What needs to be done
Begin with the line below holding "Dịch vụ sửa máy in A0 HP T520/ T630/ T650" and go on through the line holding "Footilicious Women Green Heeled Sandals", duplicating each line exactly and leaving out pictures.

____________________

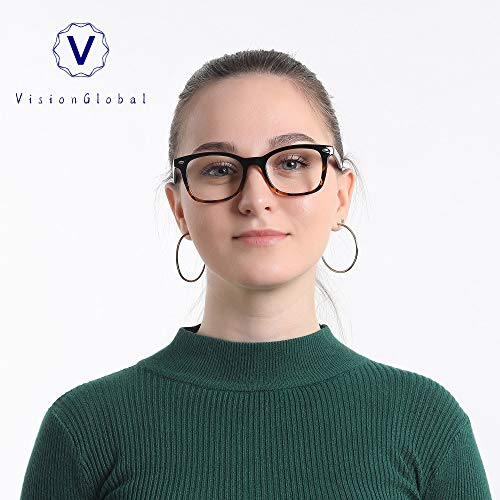 Image of VisionGlobal Blue Light Blocking Glasses for Computer Reading or Gaming, UV 400 Anti Glare Lenses Help Reduce Eye Strain and Fatigue, Men and Women Frame, x2.25 No Magnification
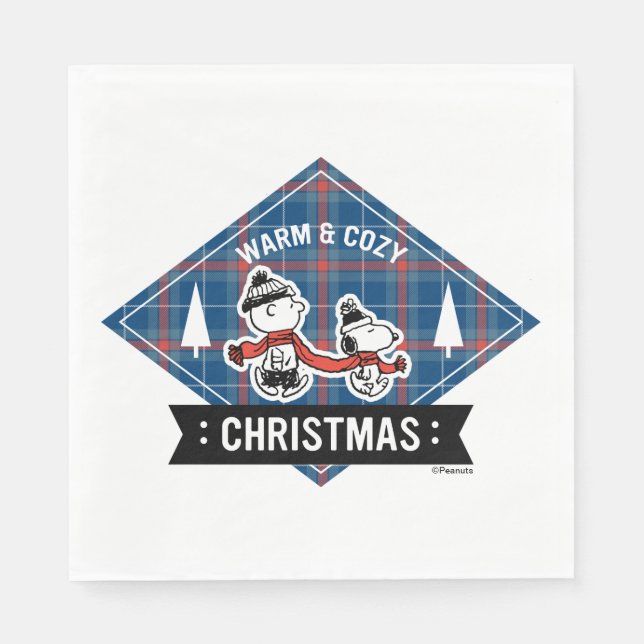 Serviette En Papier cacahuètes | Snoopy & Charlie Brown Chaud & Cosy (Devant)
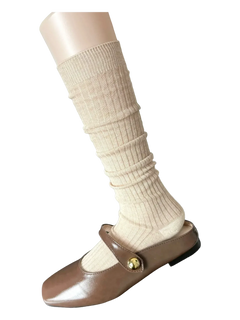 Reguler Calf High Socks (Beige) - Angel Ruche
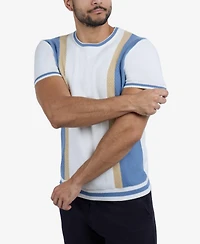 Spring + Mercer Men's Jacquard Crew Neck Short Sleeve Sweater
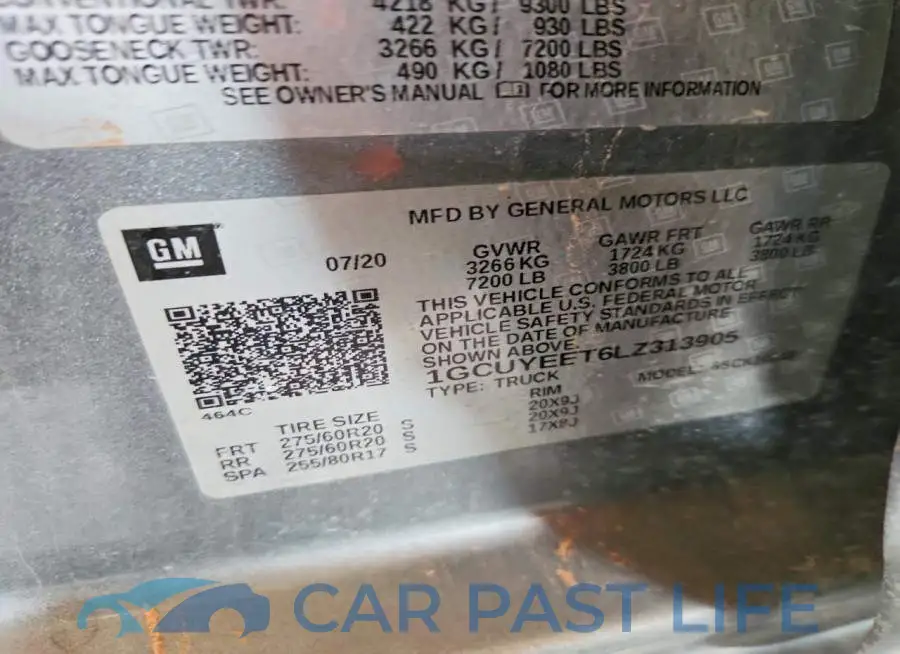 1GCUYEET6LZ313905# 12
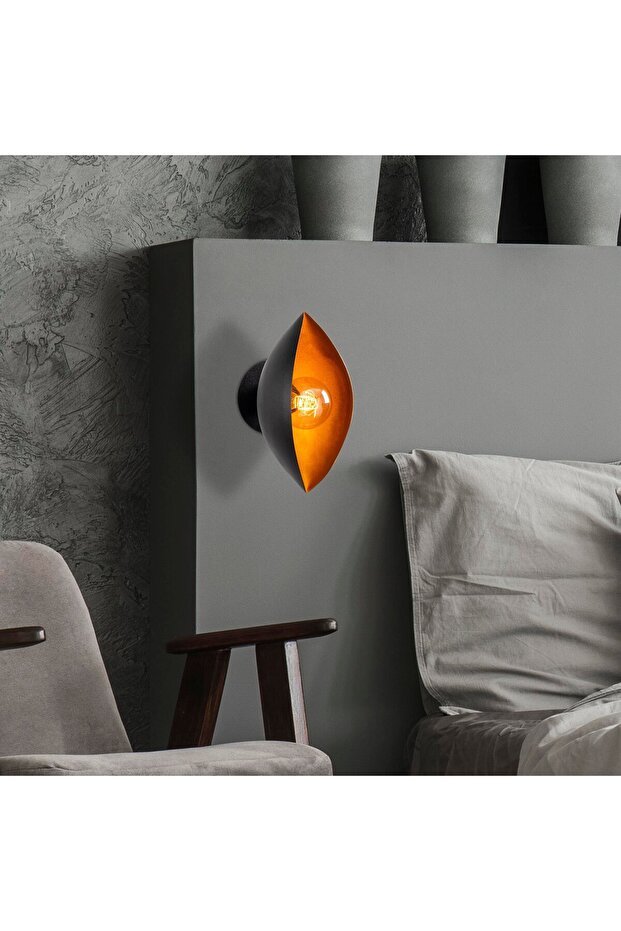Cik Stylish Metal Body Single Sconce with Black Finish E27 Compatible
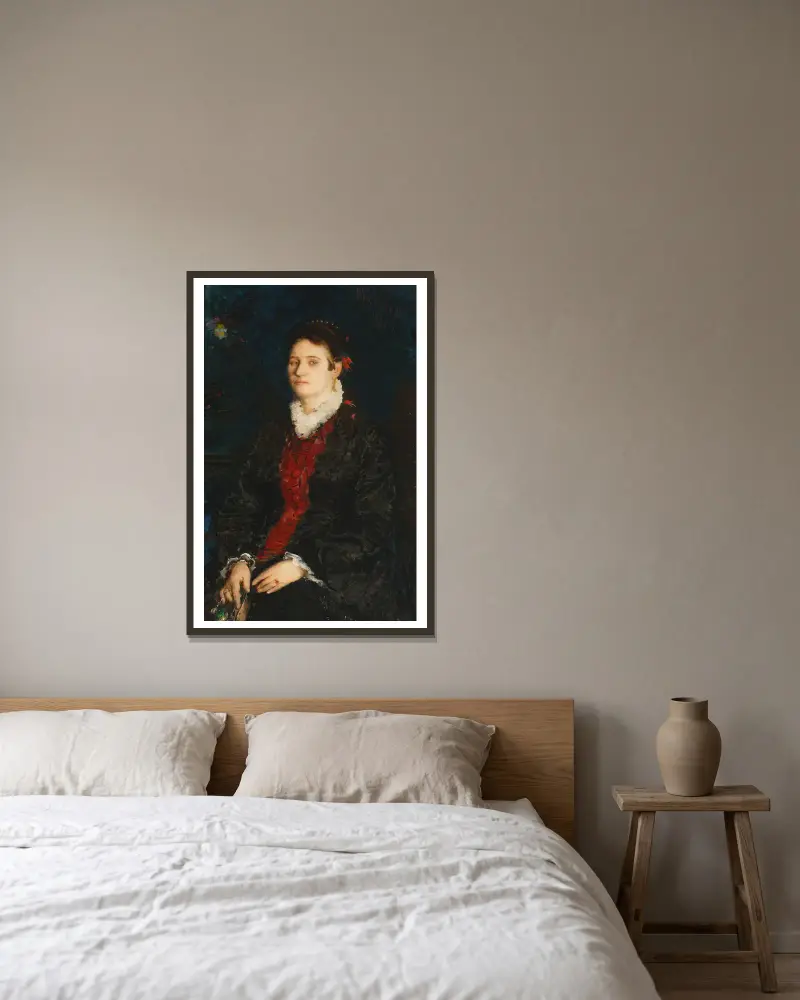 Portret kobiety, Leon Wyczółkowski w ramie na ścianie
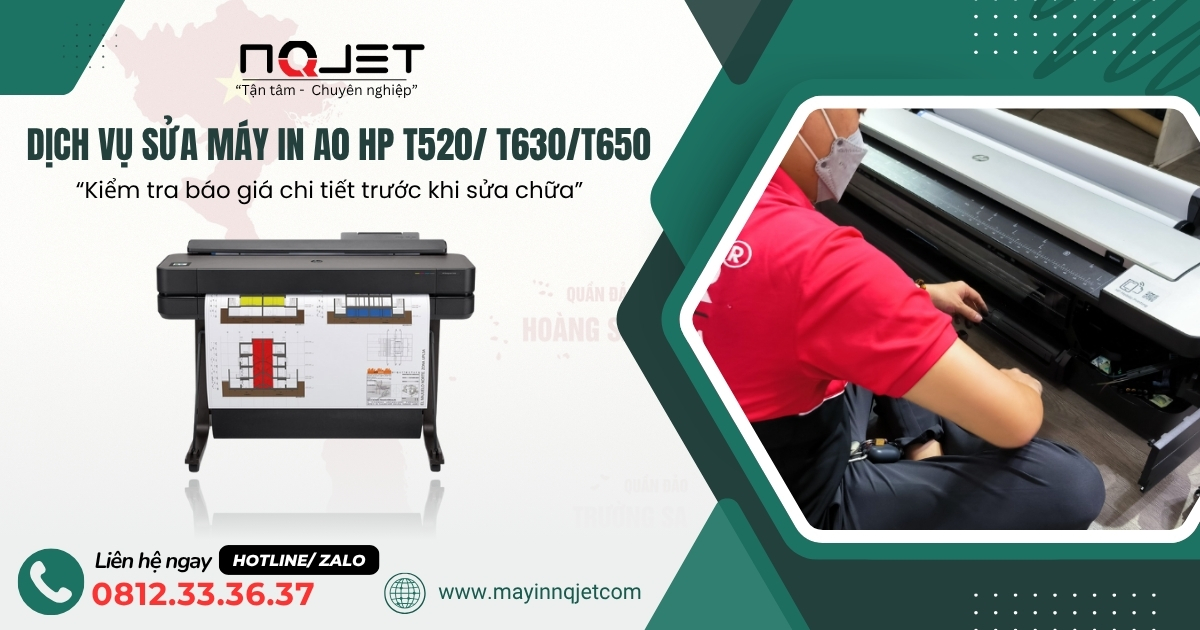 Dịch vụ sửa máy in A0 HP T520/ T630/ T650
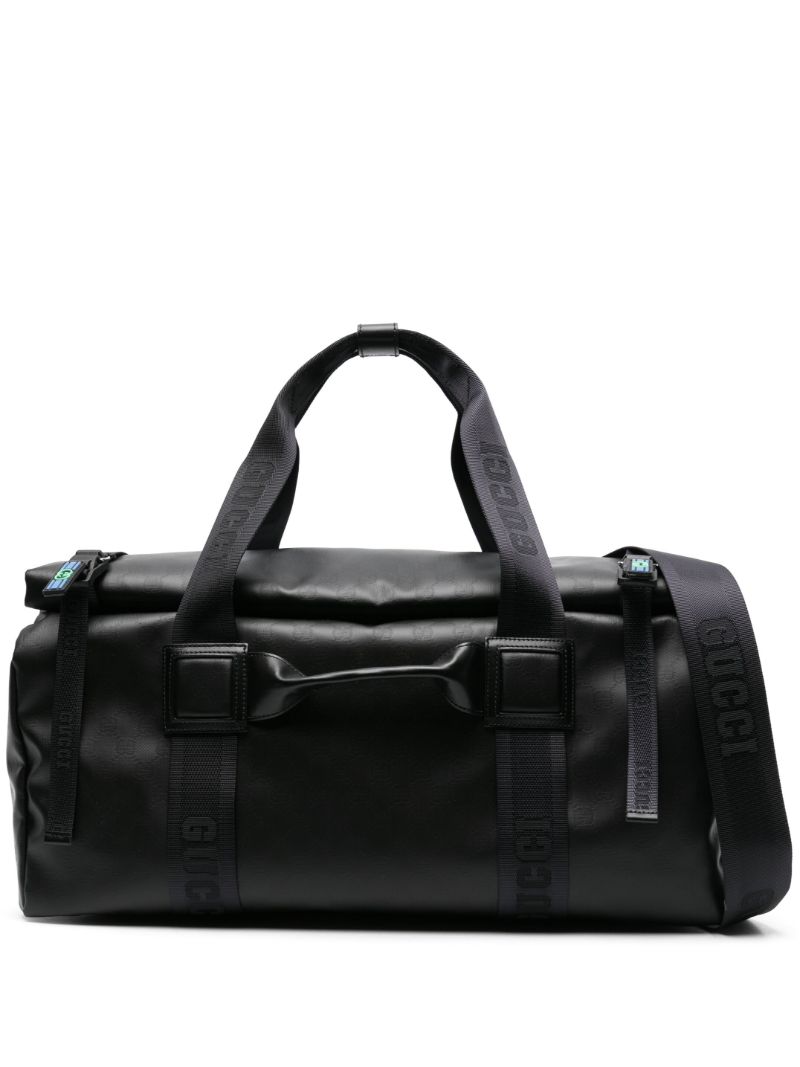 Black Gg Crystal-canvas Duffle Bag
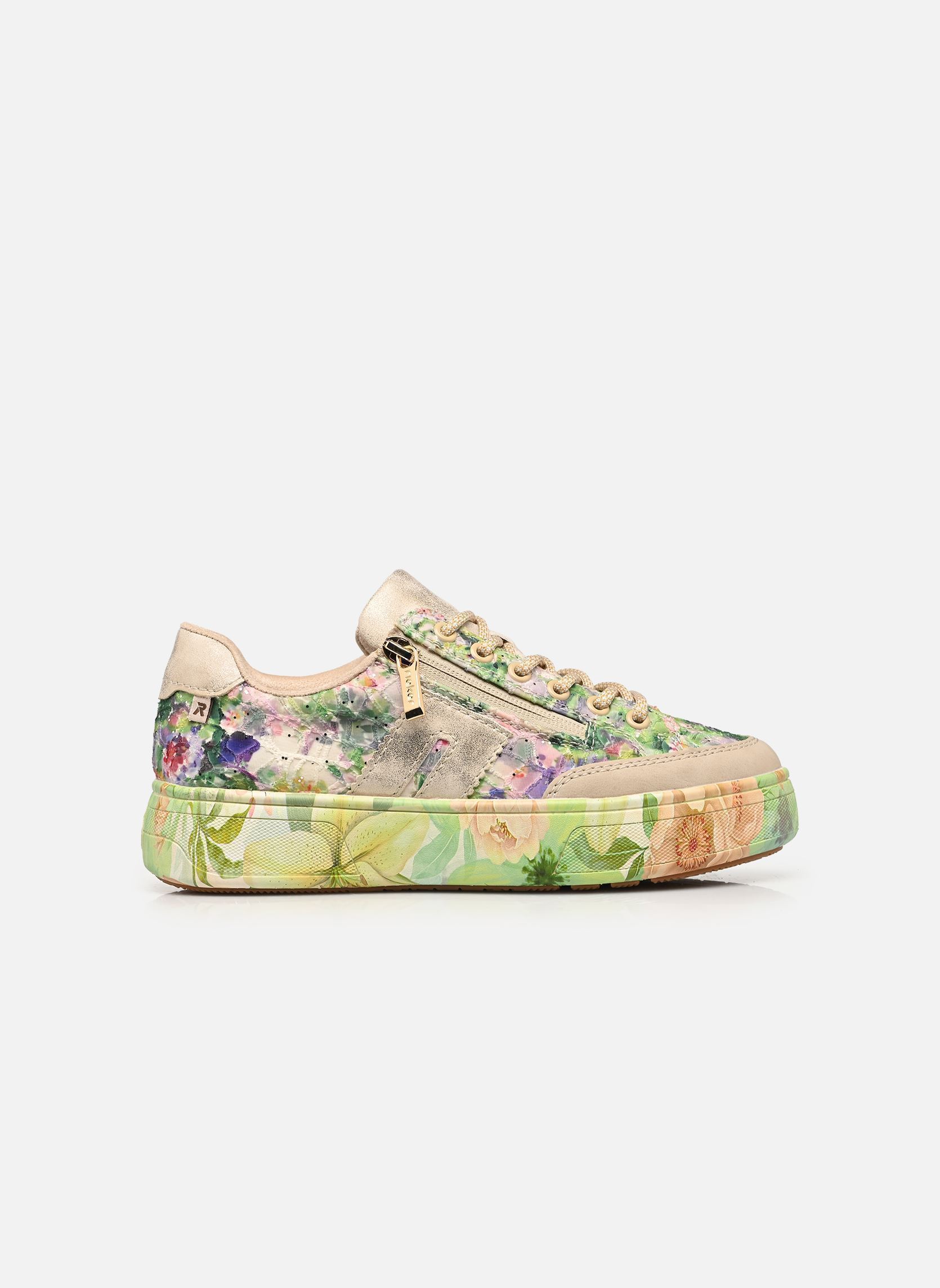 Baskets compensées M7711 femme multicolore Rieker Baskets compensées M7711 femme multicolore ginger/multi/muschel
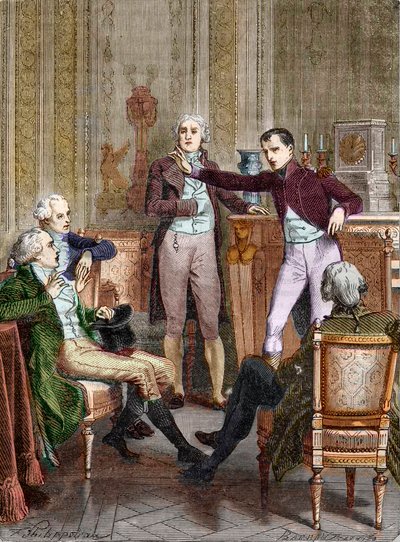 İlk Konsolos Bonapart matematikçi Gaspard Monge ile konuşuyor - Felix Philippoteaux (1815-1884) tarafından yapılan gravür Bonaparte, Premier Consul, et Gaspard Monge (1746-1818) tartışma girişinde. by Felix (after) Philippoteaux
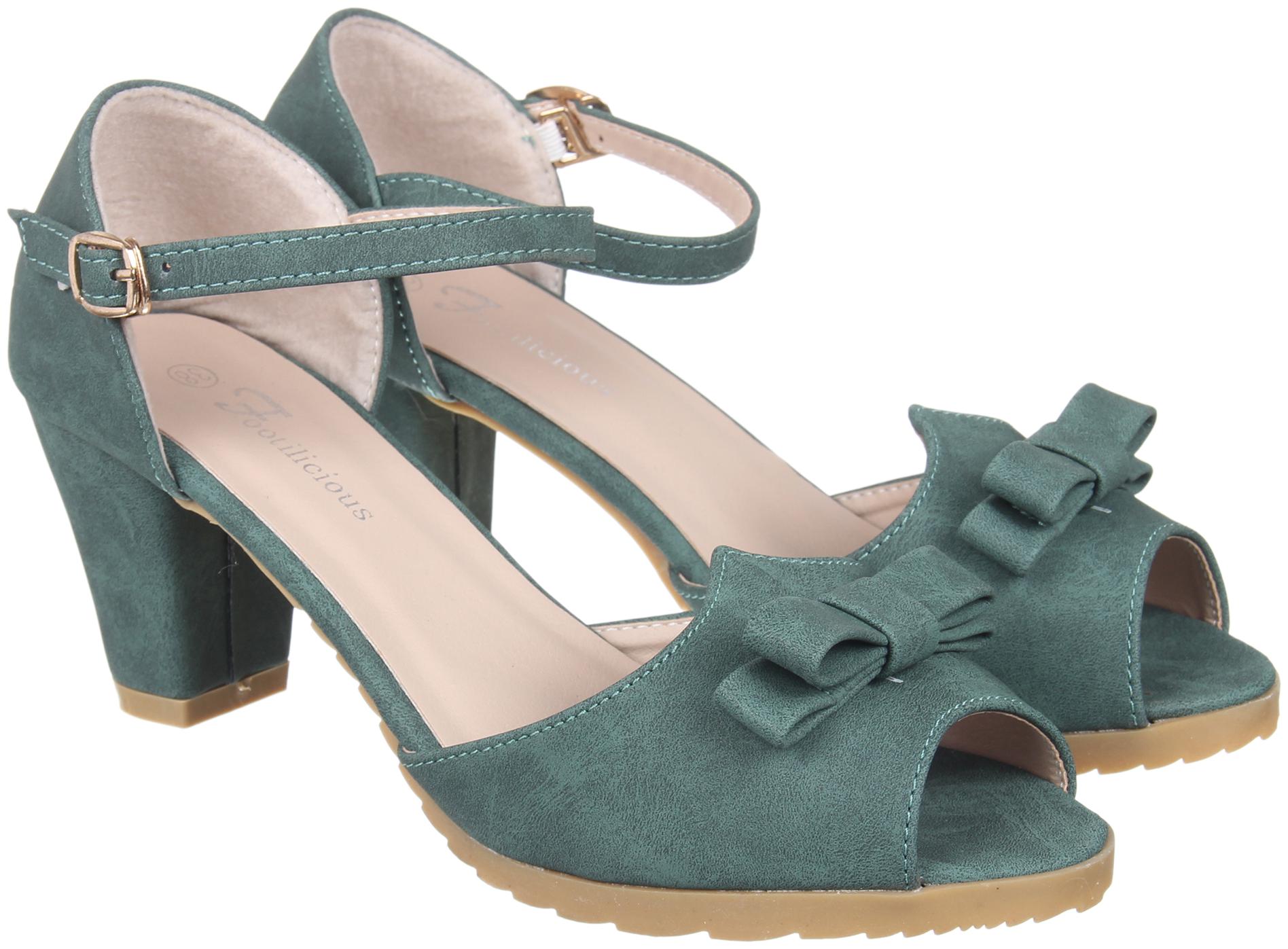 

Footilicious Women Green Heeled Sandals
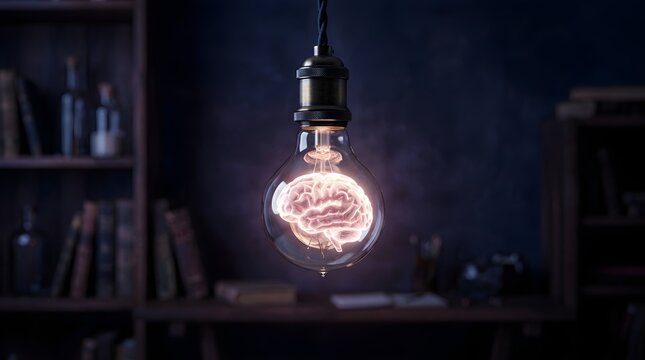 A glowing vintage edison bulb provides soft illumination within a dimly lit room filled with numerous bookshelves and a moody atmospheric vibe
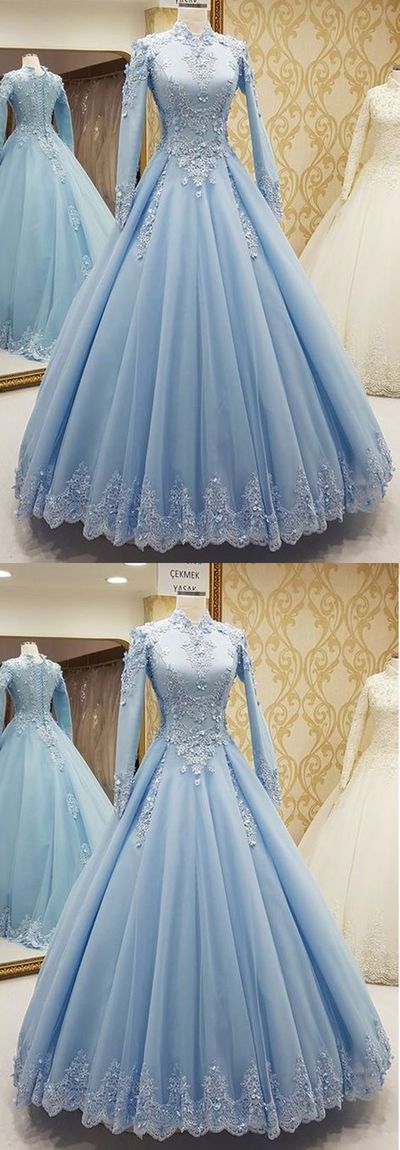 High Neck Tulle Muslim Evening Dress, A Line Women Prom Dress, Long Prom Gowns ,long Sleeve Blue Tulle Prom Gowns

____________________

Reply
 Dịch vụ sửa máy in A0 HP T520/ T630/ T650
 Black Gg Crystal-canvas Duffle Bag
 Baskets compensées M7711 femme multicolore Rieker Baskets compensées M7711 femme multicolore ginger/multi/muschel
 İlk Konsolos Bonapart matematikçi Gaspard Monge ile konuşuyor - Felix Philippoteaux (1815-1884) tarafından yapılan gravür Bonaparte, Premier Consul, et Gaspard Monge (1746-1818) tartışma girişinde. by Felix (after) Philippoteaux

Footilicious Women Green Heeled Sandals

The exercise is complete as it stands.